In the meantime, I met someone. I made the mistake of leaving him at the house while I made a quick trip to the store to pick up dinner. He answered the phone and of course, it was a debt collector. He didn’t mention it when I got back, but instead, I found where he’d taken the message down and left it next to the phone. The fact he didn’t mention it only embarrassed me more. Needless to say, we never went out again and I made up my mind that dating was on the back burner until I knew I could leave the house for twenty minutes and not fear my date answering the phone or plundering through my mail.
Credit Scores= Self Worth
Is it realistic? It is for anyone who’s ever been in this woman’s position. The truth is, though, our self worth shouldn’t be tied to our credit scores. After all, a lot of horrible people who have no business at all being in any kind of relationship often have credit scores in the high 700s. By the same token, some of the most loving and kind people who make solid contributions to their jobs, families and society might find themselves with credit scores that have tanked.

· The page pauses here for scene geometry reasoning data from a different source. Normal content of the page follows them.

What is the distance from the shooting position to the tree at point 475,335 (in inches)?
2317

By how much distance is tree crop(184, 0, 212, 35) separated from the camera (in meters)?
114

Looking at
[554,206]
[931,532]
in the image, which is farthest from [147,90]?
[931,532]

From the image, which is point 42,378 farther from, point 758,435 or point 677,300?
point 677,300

Until we’re able to dissociate our credit card debt as a measure of how much we can contribute to a marriage or relationship, most will continue to find themselves in a vicious cycle that includes anything but a healthy relationship.

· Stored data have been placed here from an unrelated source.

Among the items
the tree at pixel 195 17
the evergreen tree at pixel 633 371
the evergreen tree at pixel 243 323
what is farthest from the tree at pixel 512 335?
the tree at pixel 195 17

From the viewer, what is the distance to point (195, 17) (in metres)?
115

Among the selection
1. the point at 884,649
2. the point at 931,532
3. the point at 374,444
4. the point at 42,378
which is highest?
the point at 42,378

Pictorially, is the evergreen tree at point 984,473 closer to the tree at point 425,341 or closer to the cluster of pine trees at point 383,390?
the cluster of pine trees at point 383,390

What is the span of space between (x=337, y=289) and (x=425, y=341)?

Women equate money with security. When it’s a single woman, it becomes that much more of a security issue. After all, she has only herself to rely on, so it stands to reason she wants to be sure she can maintain her independence while taking care of her business, too.
Here’s the kicker, though – that old adage of opposites attract? It’s especially true when it comes to finances. Think about it – one spouse is usually always far more disciplined when it comes to budgeting. It usually sails right along, sometimes for year, until friction is introduced – and it always is at some point. It might be a matter of a husband or wife needing to be frivolous. If the couple can agree on just how much can be spent on a frivolous purchase, things move right along. If, however, one is a hard lined disciplinarian and doles out money only when it’s needed, it can be suffocating to the other spouse.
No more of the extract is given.